Stolen World War II rescue fishing boat to be returned
A fishing boat stolen for a dramatic escape during World War II is to be returned to Norway from Scotland.
Four Norwegians desperate to escape the Nazi occupation took the boat and crossed the North Sea to the Aberdeenshire coast in 1941.
The boat was renamed Thistle and then worked out of Stonehaven, before being donated to Johnshaven Heritage Society.
However, children of one of the original four escapees traced the boat, and it is now to be sent home.
It is understood the perilous journey was almost ended shortly after it started when the group was intercepted and machine gunned by a German plane.
They returned to land and set out again with the boat camouflaged by tree branches, and completed the long journey.
John and Martin Berthelsen, sons of Carl Berthelsen, said they were thrilled to find the vessel which had played such a dramatic part in their father's life.
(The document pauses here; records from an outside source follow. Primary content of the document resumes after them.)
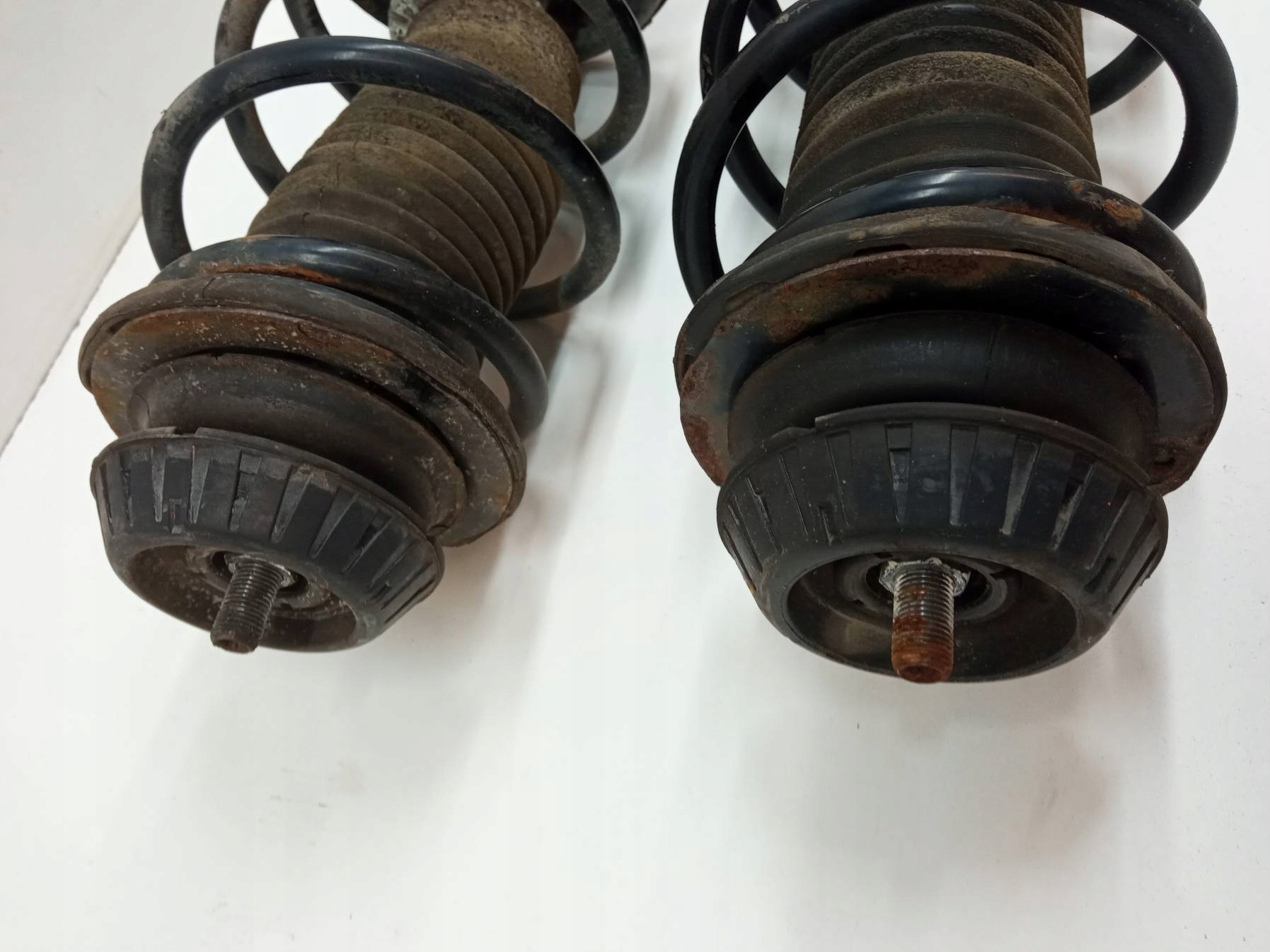 shock absorber right left front 1.33 B 99 KM KPL Toyota Yaris III (2011-2020)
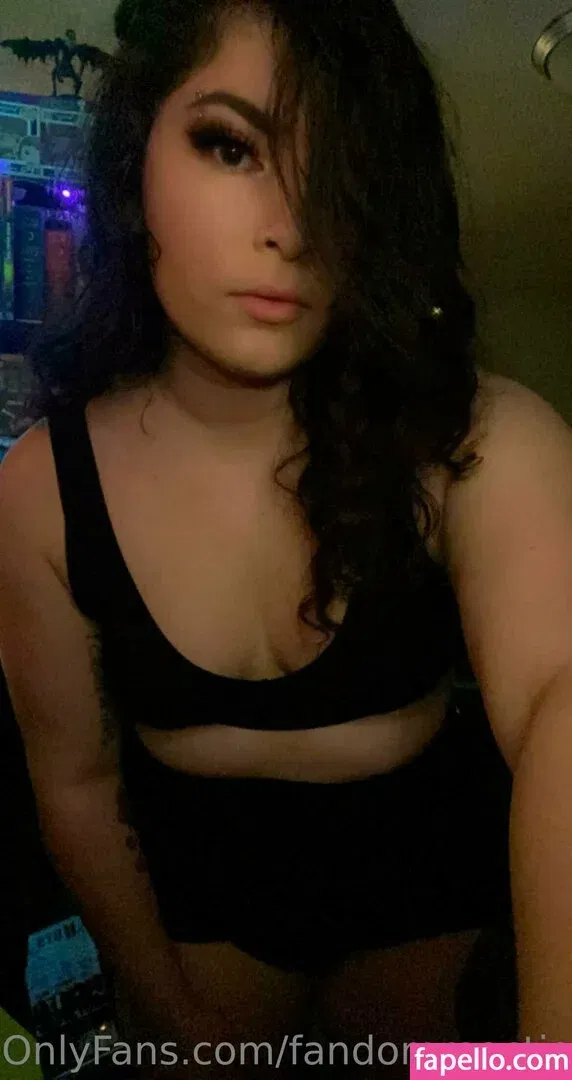 FandomReactions / fandomreactgirls Onlyfans Photo Gallery 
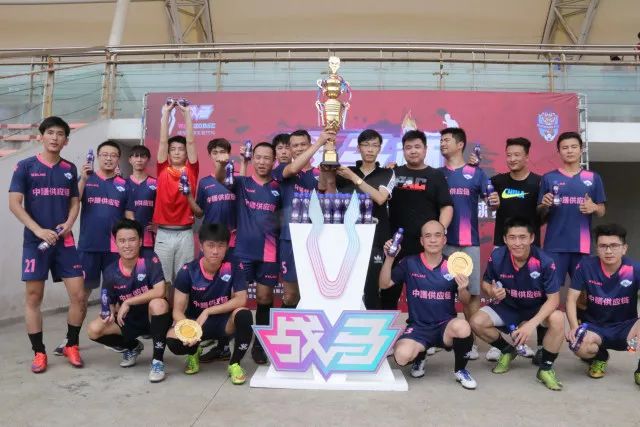 欧冠-莱奥吉鲁双双破门 小将进球 AC米兰4-0客胜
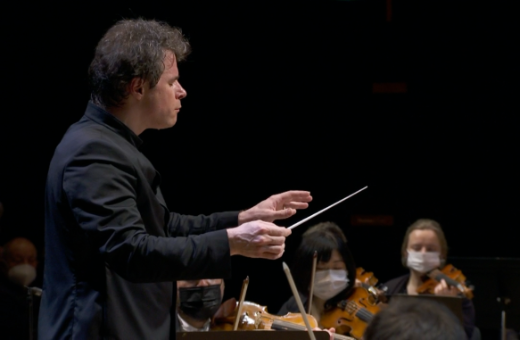 Jakub Hrůša conducts Mahler's Ninth Symphony © Philharmonie Live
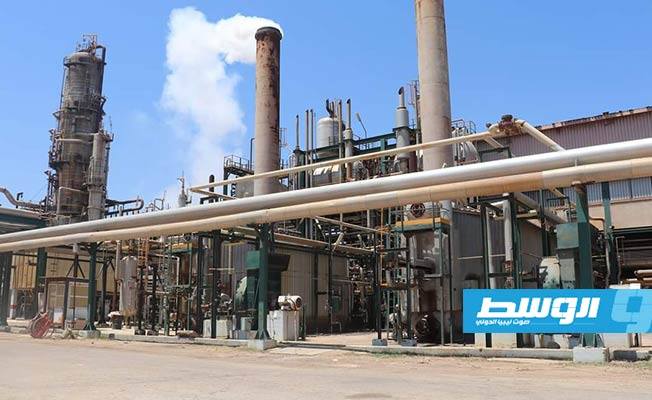 شركة الزاوية لتكرير النفط تبدأ تشغيل وحدات المرافق بالمصفاة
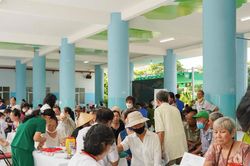 TP Hồ Ch&iacute; Minh ra qu&acirc;n cao điểm 150 ng&agrave;y đ&ecirc;m kh&aacute;m sức khỏe to&agrave;n d&acirc;n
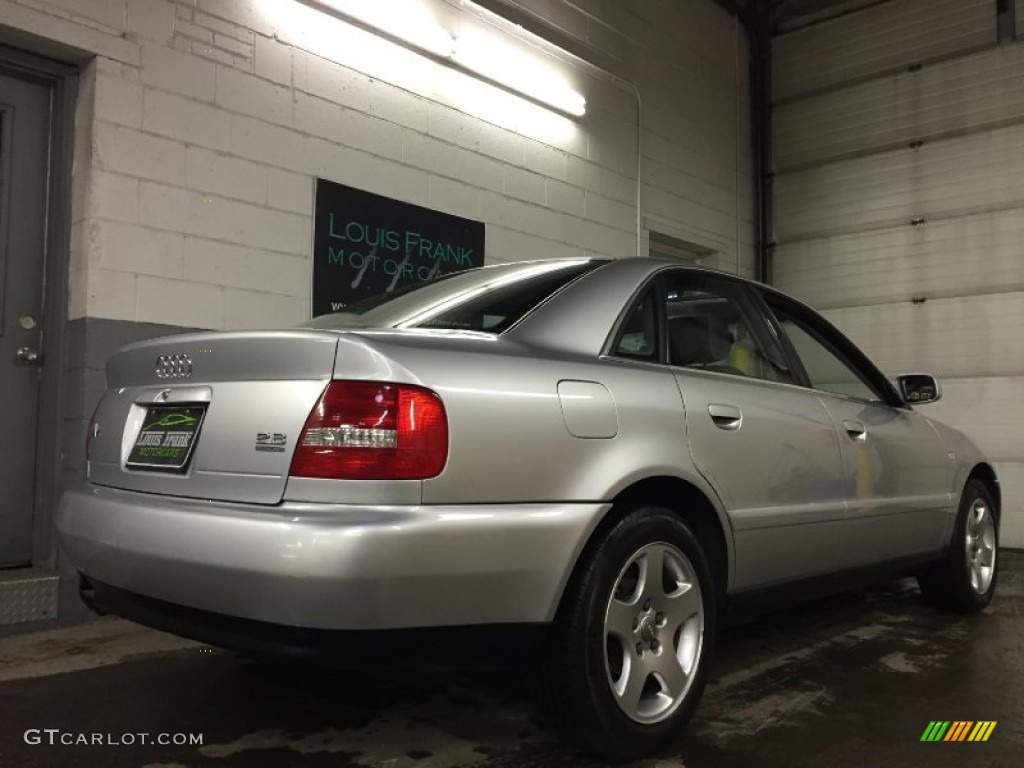 2001 A4 2.8 quattro Sedan - Light Silver Metallic / Ecru/Clay photo #12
Don Marr, of Johnshaven Heritage Society, said: "We in Johnshaven are absolutely delighted to be able to return this historic boat to where she came from.
"We were just not able to preserve her here, and she now goes to a home where they have all the skills to restore and preserve her."
John Berthelsen said: "Discovering my father's boat after 70 years was one of the most moving moments in my life.
"This boat is very significant, not only to my family but also to the Norwegian people as a whole, as it is probably the only surviving example of the many small open boats that braved the North Sea crossing in the war."
Local historian Andrew Orr, who researched the incident, said: "It's a really crackingly good true yarn."
Preparations are under way to send the boat home.
The people of Johnshaven are planning a farewell ceremony in early February.